DESCRIPTION OF THE TASK:
Using the data below, return word for word every line from the one holding "Used 2017 RAM 1500 Laramie image 30" down to the one holding "Acerenza çevresindeki manzara, İtalya". Leave pictures out.

PROVIDED DATA:
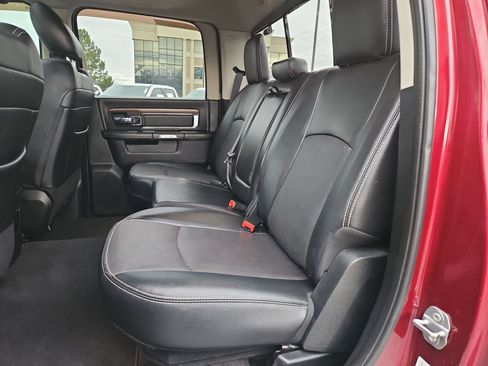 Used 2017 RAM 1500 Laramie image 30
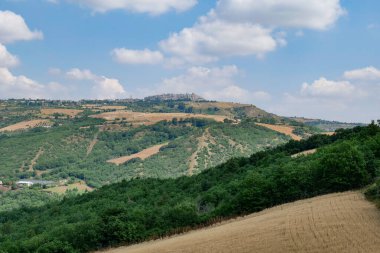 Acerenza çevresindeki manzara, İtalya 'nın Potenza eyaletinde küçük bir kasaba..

==

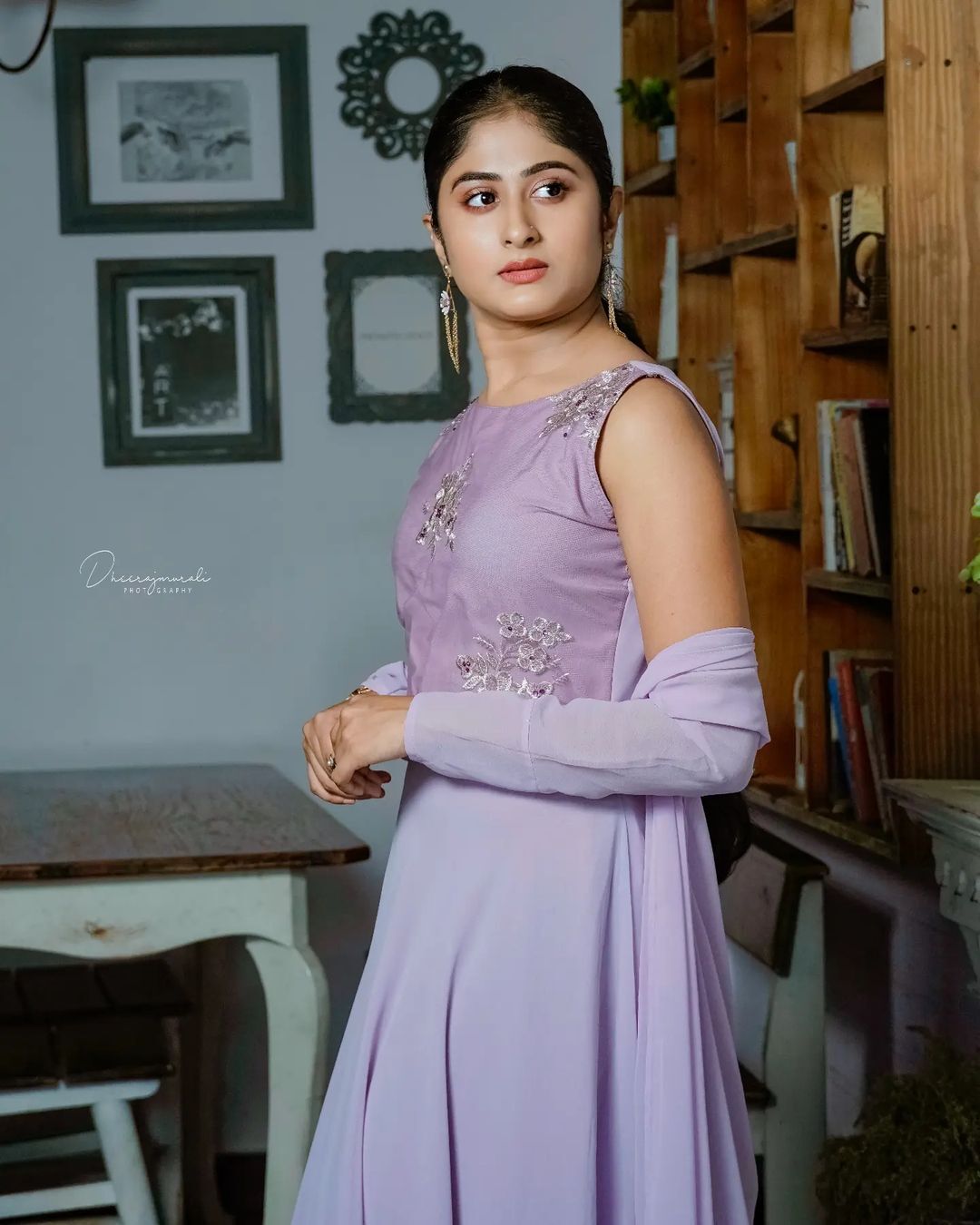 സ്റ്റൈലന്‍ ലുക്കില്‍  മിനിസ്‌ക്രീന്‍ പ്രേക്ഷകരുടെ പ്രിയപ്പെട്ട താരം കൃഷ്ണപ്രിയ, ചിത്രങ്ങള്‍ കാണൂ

RESULT FOR THIS EXERCISE:
 Used 2017 RAM 1500 Laramie image 30
 Acerenza çevresindeki manzara, İtalya 'nın Potenza eyaletinde küçük bir kasaba..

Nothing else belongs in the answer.